The rising number of anti-Jewish offences reported to police - up 74 percent in 2018 from the previous year - has caused alarm in the country that is home to both the biggest Jewish and the biggest Muslim communities in Europe.
Earlier this year, politicians from across the spectrum joined marches against anti-Semitism amid fears of a rise around the continent.
They denounced a surge in attacks that some commentators blamed on incitement by Islamist preachers, others on the rise of anti-Zionism - opposition to the existence of Israel as a homeland for the Jewish people.

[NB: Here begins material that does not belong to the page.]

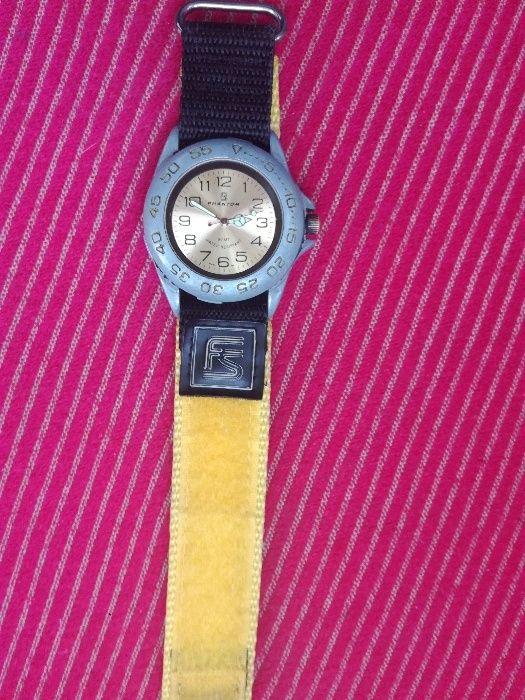 Ceas de mana cu baterie,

The graves were desecrated just hours before French MPs adopted a resolution equating anti-Zionism with anti-Semitism.
On Tuesday evening, French MPs approved a non-legally binding resolution modelled on the definition of anti-Semitism set by the International Holocaust Remembrance Alliance (IHRA).
The IHRA definition, which serves as an international guideline, does not reference “anti-Zionism” but does say denying Jews their right to self-determination is anti-Semitic.
The World Jewish Congress hailed France’s step.
“For too long too many have used the excuse that their obsessive criticism of Israel stands exclusive from their otherwise positive feelings for the Jewish people. Those days are now over,” it said.
Debate over the resolution split Mr Macron’s ruling La Republique En Marche party, with some opponents saying it could smother freedom of expression in criticising the Israeli government.
Backers said it merely targeted those who refused to recognise the existence of Israel or sought its destruction.